Nevertheless, as developmental competence of frozen oocytes/embryos of large cohorts of BC patients might be known only in several years through live-birth rates, the assessment of indirect markers in the microenvironment surrounding the oocyte is an attractive approach to evaluate the oocyte quality.
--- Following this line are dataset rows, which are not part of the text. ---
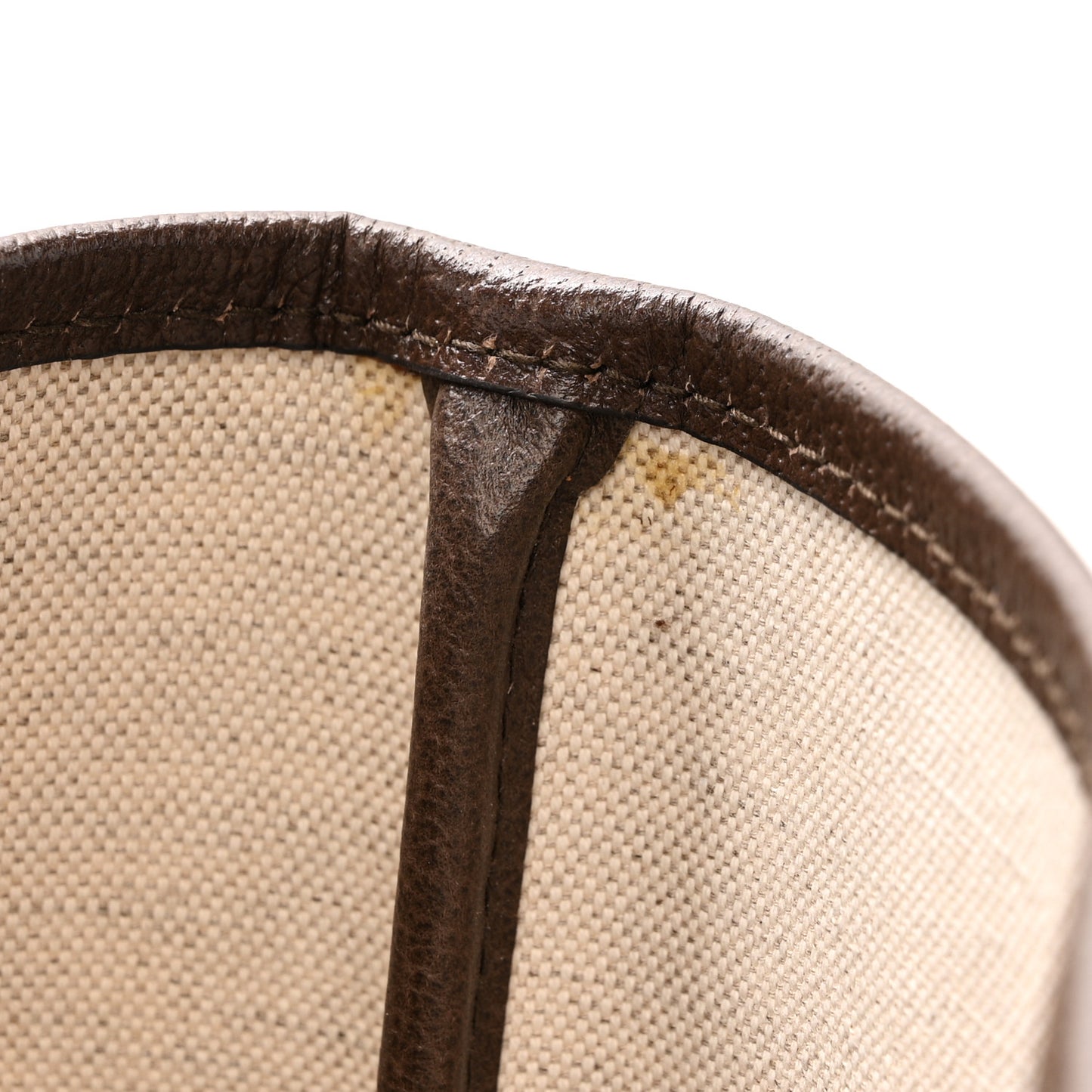 GG Supreme Monogram Textured Dollar Calfskin Web Large Ophidia Tote Beige Ebony New Acero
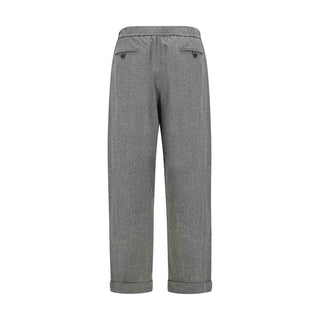 Giorgio Armani Gray Wool Oves Aries Casual Pants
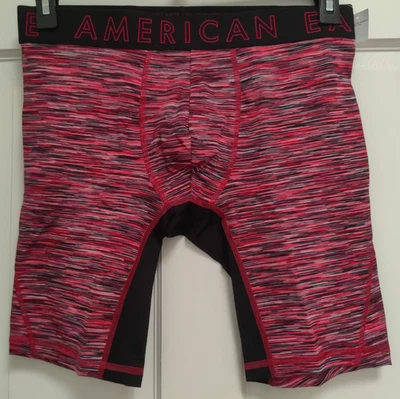American Eagle 9" Flex Boxer Brief  Blue Pink Red Heather You Pick - Image 1 of 4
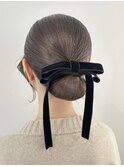 【ヘアセット】タイトシニョン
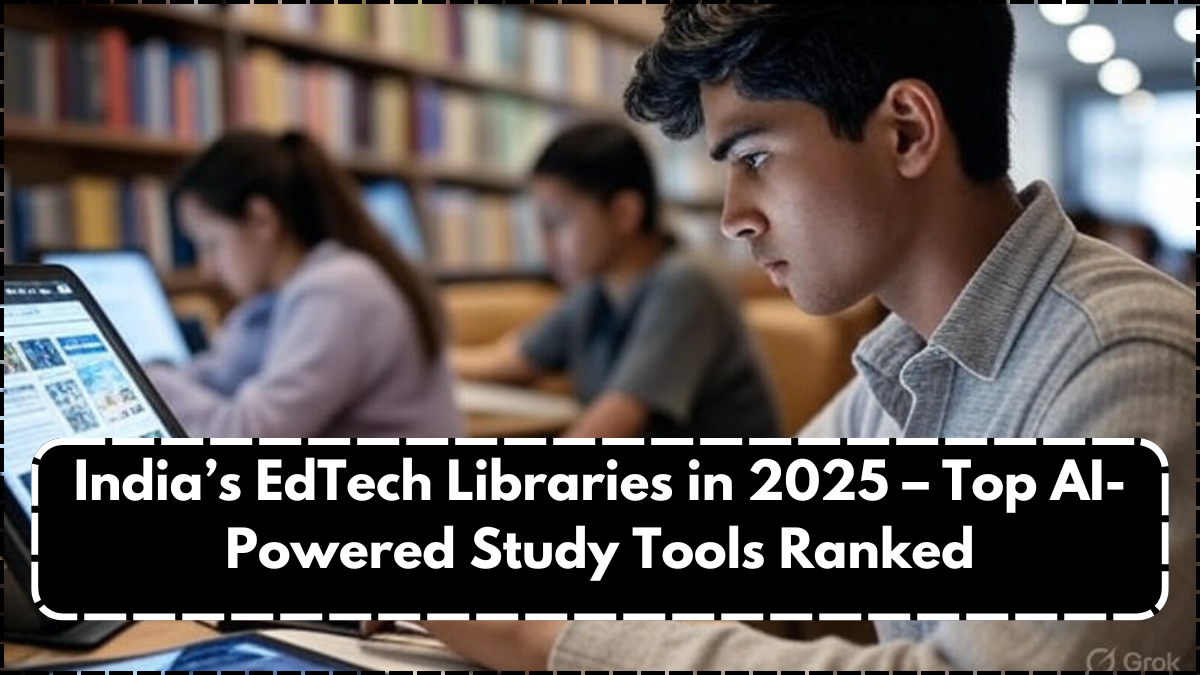 India’s EdTech Libraries in 2025 – Top AI-Powered Study Tools Ranked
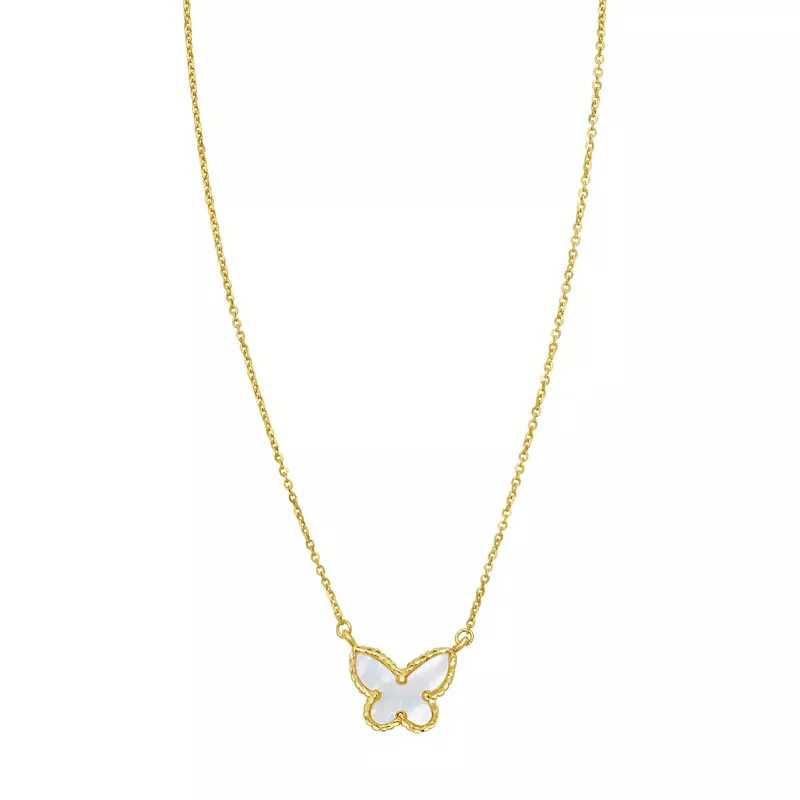 Butterfly Mother Of Pearl Necklace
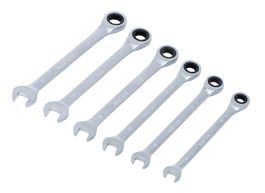 Ratschenring-Maulschlüssel-Satz, 8,9,10,11,12,13mm 6-tlg.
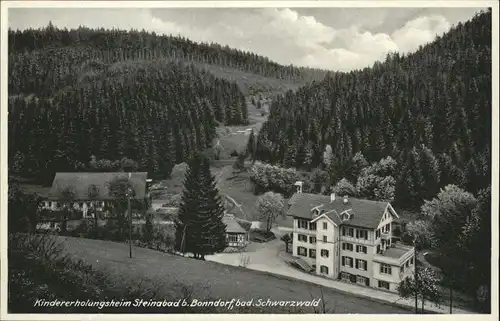 Bonndorf Schwarzwald Bonndorf Erholungsheim Steinabad Schwarzwald * / Bonndorf /Waldshut LKR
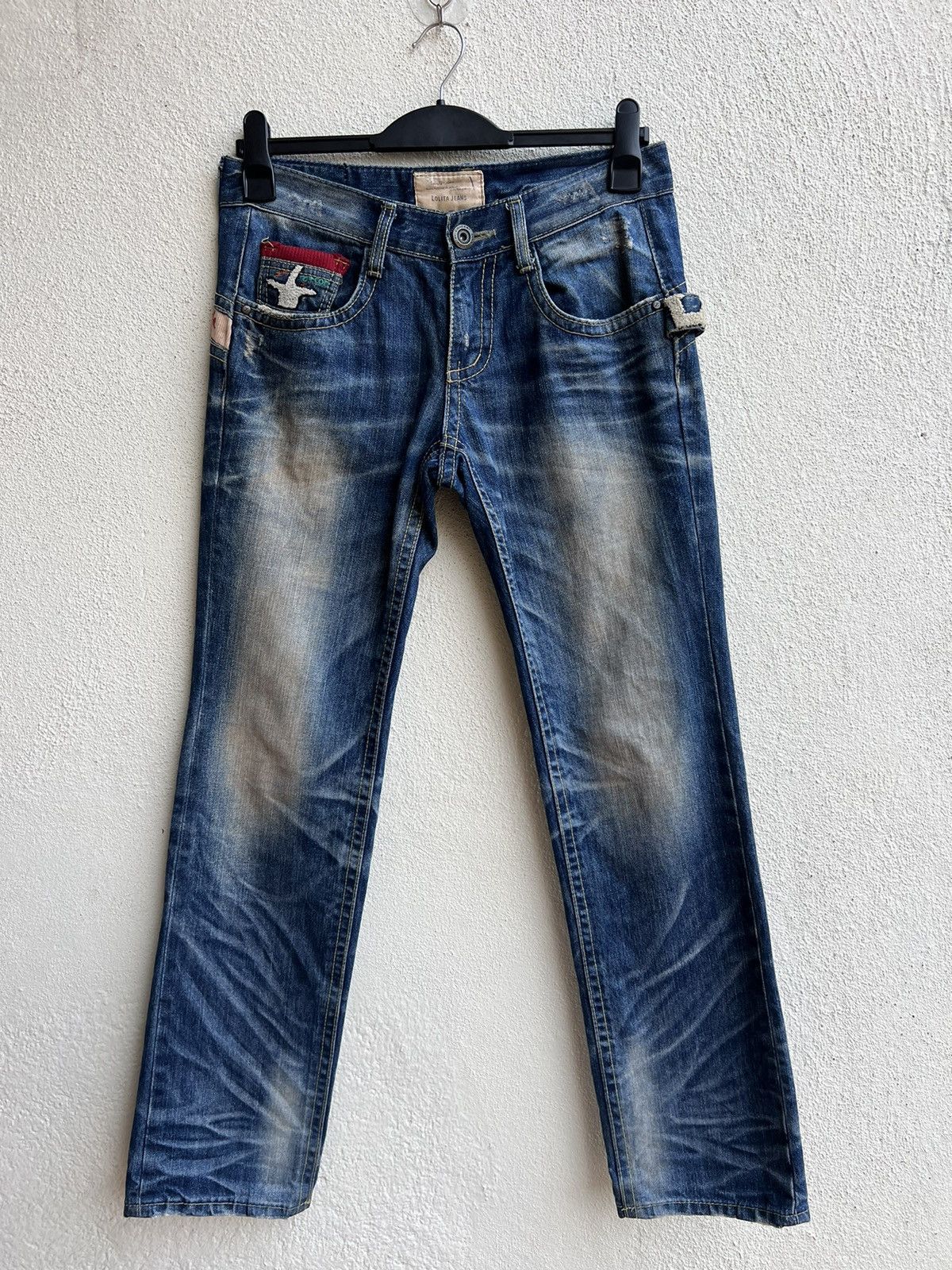 Vintage RARE! Yoshitomo Nara Lolita Vintage Denim Jeans Size US 30 / EU 46 - 6 Thumbnail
Several genes expressed in cumulus cells (CC) have been evaluated as potential markers of oocyte competence, offering an attractive approach to select embryos with the highest developmental potential. Among them, Hyaluronic acid synthase 2 (HAS2), Prostaglandin-endoperoxide synthase-2 (PTGS2) and Gremlin1 (GREM1) have been associated with higher oocyte competence and good embryo quality, given their interaction with oocyte secreted factors and their role in CC expansion during oocyte maturation. Although not always statistically significant, a higher expression of these genes has been associated with higher oocyte competence [20,21,22,23,24,25].

The impact of Let-COH for FP in BC patients on the follicular milieu remains poorly investigated so far. The objective of this study was hence to compare the impact on follicular fluid (FF) steroid levels and CC gene expression of the Let-COH protocol for FP in BC patients and conventional COH in infertile patients.

Materials and methods


BC patients were enrolled in the BROVALE trial, a prospective study conducted between December 2012 and February 2017. The study group included 23 young BC patients of 18–41 years with non-metastatic disease and basal follicle stimulating hormone (FSH) < 20 IU/L, undergoing oocyte/embryo freezing for FP with Let-COH protocol. The control group included 24 infertile women aged < 41 years, treated with first or second ICSI cycles for tubal, male, and/or idiopathic infertility, undergoing similar ovarian stimulation for intra-cytoplasmic sperm injection (ICSI), without letrozole (conventional COH). Patients with severe endometriosis, ovarian insufficiency or severe polycystic ovary syndrome (PCOS), based on Anti-Müllerian Hormone (AMH) levels < 0.5 or > 8 ng/ml respectively, were excluded from this analysis.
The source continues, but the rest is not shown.